I would definitely turn off my ASICs if the electricity costing to run them was less than the value of the BTC they were returning. I would take that electricity money I saved and buy BTC with it.

I'd end up with more BTC and the same money spent. The choice is simple.

You give miners too much credit for being rational Smiley.
Thing is, even a 65nm BFL rig is still operationally profitable at a difficulty of 4 billion and their hashrate will be statistical noise next year. A KnC rig will be profitable until ~25B and a hashfast/cointerra/bitmine/monarch, if they meet their goals, until ~50B.
 
OF course, all assuming todays BTC rate and depending on electricity cost, which many will value near zero in winter due to the heating.

Point being, not a lot is going to be turned off anytime soon, even if miners would suddenly start acting rationally.



I agree, we have a long way to go until todays mining rigs are unprofitable.

For me, my BFL rigs will be profitable until about 5 million, KNC until 22.5 million, and HashFast until 30 million+ (depending on what their hashrate and power usage actually is). My Avalon will be the first to be shutoff at 2.5 million (although I might try underclocking it).
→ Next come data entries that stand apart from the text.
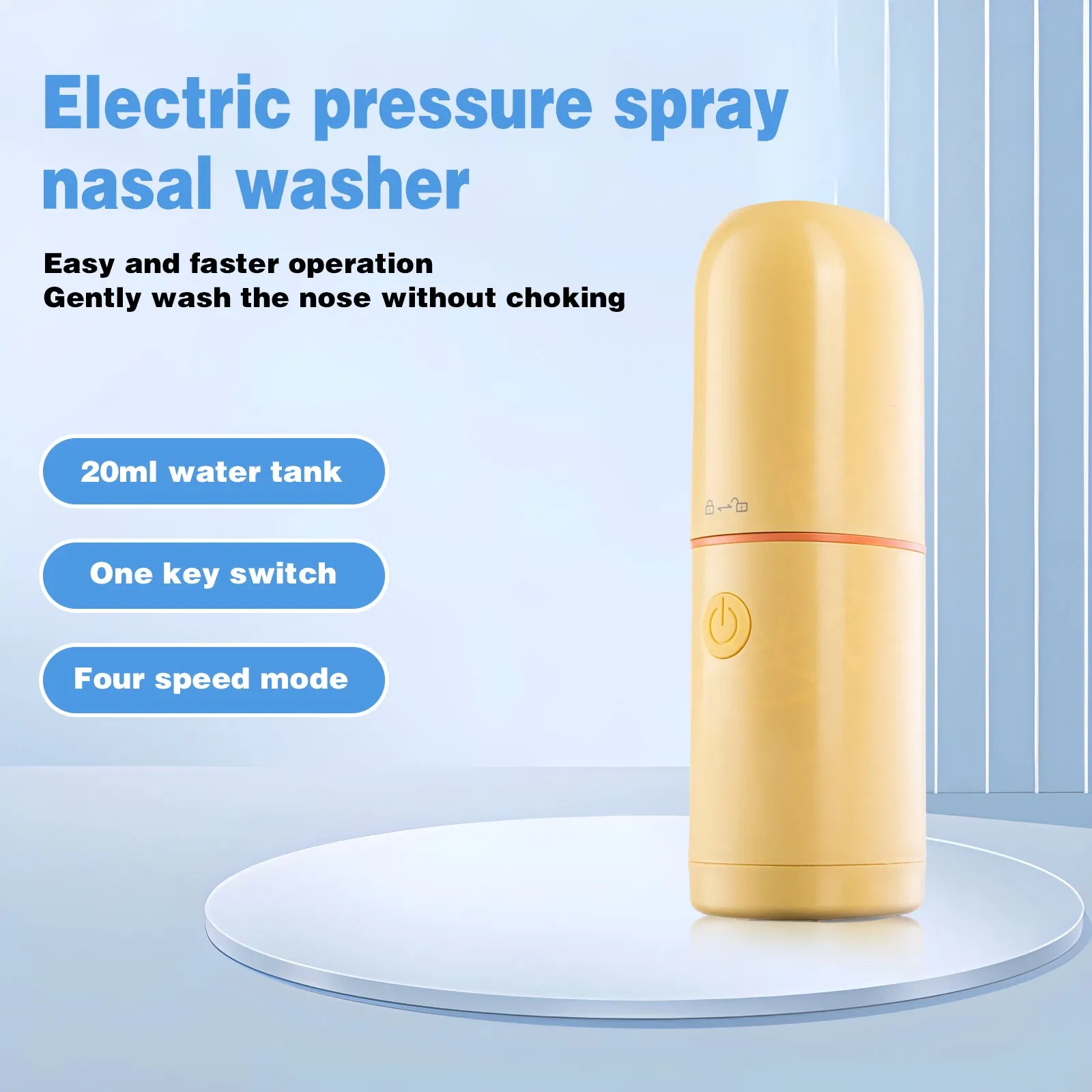 Electric Nasal Irrigation System Sinus Rinse Machine Waterproof Nose Cleaner Nasal Irrigator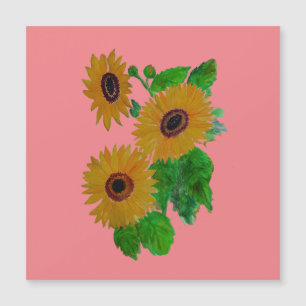 Carte magnétique des tournesols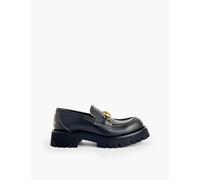 Gucci Womens Nero Harald Horsebit-embellished Leather Loafers Eur 39 / 6 Uk Women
"Soon" is relative, though. We will hit those difficulties early next year, and I consider 4 months from now to be "soon".

When ASIC manufacturers can sell enough machines to satisfy demand there will be nothing to stop the market to saturate to the break-even point. That will happen very quickly. The only thing that is keeping difficulty from rising faster now is the speed at which mining devices are being produced.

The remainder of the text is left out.